Wenn die bereits genannten Qualitätskriterien auf den Fachjournalismus übertragen werden sollen, muss zunächst festgestellt werden, dass die meisten fachjournalistischen Produkte auch für ein (fach-) spezifisches Publikum produziert wird. Trotzdem sollte auch in diesem Zusammenhang das wichtigste Qualitätsmerkmal die Verständlichkeit oder die Vermittlung sein (vgl. Ahlke, Hinkel: 20).

Betrachten wir erneut den Artikel “Frühtest auf Rinderwahnsinn“ des populärwissenschaftlichen Magazins Spektrum der Wissenschaft, um diesen anhand der journalistischen Qualitätsmerkmale in Kürze zu bewerten.

1. Aktualität: Auch, wenn im Februar 2005 das BSE-Problem keinen aktuellen Nachrichtenwert besitzt (keine neuen Fälle, etc.), so gehört das Thema doch zu den stets aktuellen, insbesondere, wenn wie im vorliegenden Fall über mögliche Medikamente berichtet wird. Demnach kann davon ausgegangen werden, dass im Fachjournalismus Themen, die für die Wissenschaft aktuell sind, auch eine Aktualität für das betreffende Publikum besitzen.
2. Universalität: Eigentlich als Merkmal für Zeitungen und Zeitschriften bekannt, nennt Pöttker Universalität auch zu den journalistischen Qualitätskriterien zugehörig.

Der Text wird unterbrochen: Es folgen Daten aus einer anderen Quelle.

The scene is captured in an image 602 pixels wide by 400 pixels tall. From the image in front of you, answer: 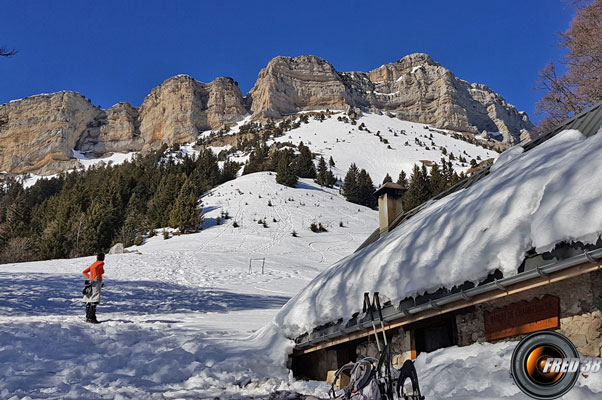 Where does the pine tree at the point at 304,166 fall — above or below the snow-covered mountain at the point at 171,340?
above

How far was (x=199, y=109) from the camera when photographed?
Answer: 117875 millimetres

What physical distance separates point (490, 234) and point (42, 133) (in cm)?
13357

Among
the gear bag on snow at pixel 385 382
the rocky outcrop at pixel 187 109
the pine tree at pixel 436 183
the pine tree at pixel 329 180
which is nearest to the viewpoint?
the gear bag on snow at pixel 385 382

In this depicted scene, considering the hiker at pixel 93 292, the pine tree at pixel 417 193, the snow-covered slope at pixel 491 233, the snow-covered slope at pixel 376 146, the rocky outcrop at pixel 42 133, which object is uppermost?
the rocky outcrop at pixel 42 133

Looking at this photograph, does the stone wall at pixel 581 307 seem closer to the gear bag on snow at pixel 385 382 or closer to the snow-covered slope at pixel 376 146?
the gear bag on snow at pixel 385 382

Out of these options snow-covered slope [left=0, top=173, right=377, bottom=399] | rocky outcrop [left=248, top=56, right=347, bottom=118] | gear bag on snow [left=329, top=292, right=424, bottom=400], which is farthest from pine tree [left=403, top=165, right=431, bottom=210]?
rocky outcrop [left=248, top=56, right=347, bottom=118]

Wenn dieses Merkmal auf einzelne fachjournalistische Beiträge bezogen wird, so muss bei näherer Betrachtung festgestellt werden, dass anders als im Allround-Journalismus, wo der Journalist oftmals mit Zeitdruck, technischen Problemen und schwachem Basismaterial (vgl. auch Kaiser: 13) sowie einer vorgegebenen Zeilenanzahl zu kämpfen hat, im Bereich der Fachpublikationen häufig mehr Möglichkeiten für eine allumfassende Darstellung einer Materie (inkl. Graphiken, Diagrammen, etc) vorhanden sind, Universalität im vorliegenden Falle also durchaus gegeben ist.
3. Relevanz: Die Relevanz von (populär-)wissenschaftlichen Publikationen ist meiner Ansicht nach schwer zu beurteilen, da es stets auf die Leserschaft ankommt, die Wichtigkeit eines Artikels zu bewerten. Im vorliegenden Falle ist eine Relevanz für eine breite Öffentlichkeit jedoch gegeben, da BSE einen Großteil der Bevölkerung, wenn auch indirekt, betrifft.
4. Wahrheit: Die Wahrheit, bzw. die Richtigkeit eines fachjournalistischen Textes ist mit Sicherheit ein heikles Thema, denn „[d]ie Kommunikation mit der Öffentlichkeit ist – gemessen an wissenschaftlichen Kriterien – sensationalisierend, manchmal übertreibend, oft vereinfachend und gelegentlich auch einmal falsch“ (Göpfert: 74). Für die Leserschaft ist es gerade in wissenschaftlichen Bereichen schwierig, Beiträge auf ihren Wahrheitsgehalt hin zu überprüfen. Auch, wenn Fachjournalisten die Funktion der Vermittlung einnehmen sollten, so geschieht dies häufig als pure Übersetzung ohne eigene Recherche. Da der Rezipient oftmals nicht über ähnliche Fachkenntnisse wie der Autor eines wissenschaftlichen Textes verfügt, bleibt ihm in diesen Fällen nur übrig, dem Dargestellten Glauben zu schenken.
5. Verständlichkeit, bzw. Vermittlung: Hier können nun die in Punkt 2 zusammengetragenen Kennzeichen für verständliche Texte angewendet werden. Sicherlich müssen nicht alle Kriterien erfüllt werden, allerdings sollte doch ein Großteil in journalistischen Texten und Beiträgen zu finden sein. Die Verständlichkeit, bzw. die Vermittlung spielt gerade beim Fachjournalismus eine zentrale Rolle, denn die Journalisten müssen das Fachwissen nicht nur weitergeben, sondern sprachlich angemessen vermitteln (Ahlke, Hinkel: 50). Und genau an dieser Stelle gilt es zu entscheiden, ob der (Fach-)Journalist seine Funktion als Vermittler wahrnimmt oder nur das ihm vermittelte Expertenwissen für das Publikum übersetzt. Eine bloße Übersetzung birgt zumeist die Gefahr, dass trotz verständlicherer Sprache die Verständlichkeit für den Rezipienten ausbleibt, da ein Zusammenhang nicht hergestellt werden kann.

[...]


[1] Die Initiative “Public Understanding of Science and Humanities“ hat ihren Ursprung in den Vereinigten Staaten von Amerika, wo mit der Eröffnung des Exploratoriums in San Francisco bereits 1969 erkannte wurde, dass mehr für das öffentlicher Verständnis von Wissenschaft getan werden muss.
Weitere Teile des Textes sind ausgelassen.